During his trip last week to Sudan, United Nations Under-Secretary-General for Humanitarian Affairs and Emergency Relief Coordinator John Holmes expressed his concern about the recent violence in southern Sudan, saying that “the scale of conflict, scale of death, scale of destruction is really worrying.”
While the initial death tolls for the recent attacks in southern Sudan’s Jonglei state by armed Lou Nuer militia on rival Murle villages were estimated at under 200 people, hundreds more were reportedly killed in reprisal violence in April and Holmes said that it was possible thousands had been killed and that “nobody really knows” the true toll.
Holmes also touched on how these inter-clan clashes represent a host of unresolved problems in southern Sudan, from undisciplined security forces to armed civilian populations to ineffective governance.
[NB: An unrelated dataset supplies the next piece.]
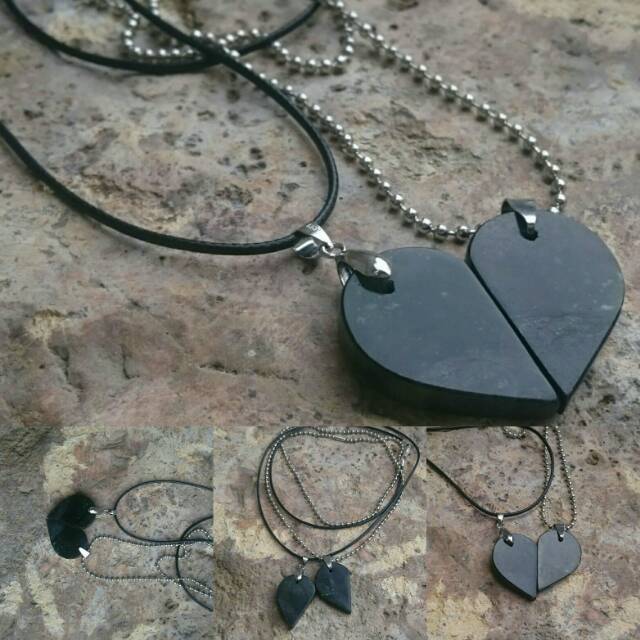 Kalung Liontin Couple Love Giok Black Jade Aceh Terapi AAA Quality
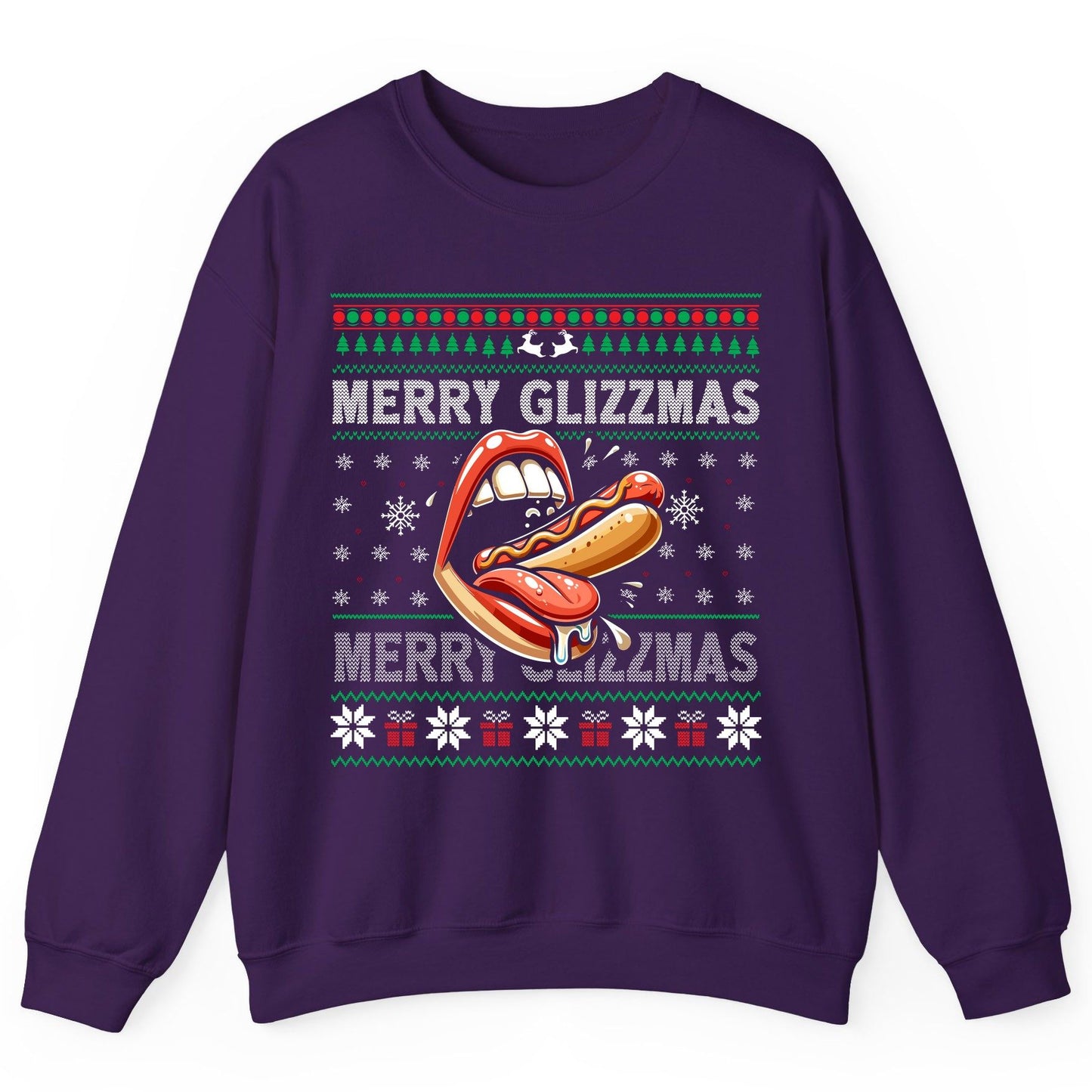 Merry Glizzzmas hot dog Sweatshirt Purple product mockup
Southern Sudan is an extremely under-developed region that, after more than two decades of war, is struggling to build adequate institutions and infrastructure in the run up to national elections in 2010 and a referendum in 2011 meant to decide the region’s future, as mandated by the 2005 Comprehensive Peace Agreement:
[The recent violence] suggests there’s a real problem about how to reconcile the communities, because this fighting has not necessarily stopped…We saw people with bullet wounds which are quite recent. So there’s a real fear this fighting will restart … This area cannot afford another war.
Indeed, as tensions continue to rise (results of the recently completed census are particularly contentious) in the South in the run up to the elections, inter-clan clashes at the local level may be an unfortunate harbinger of problems to come.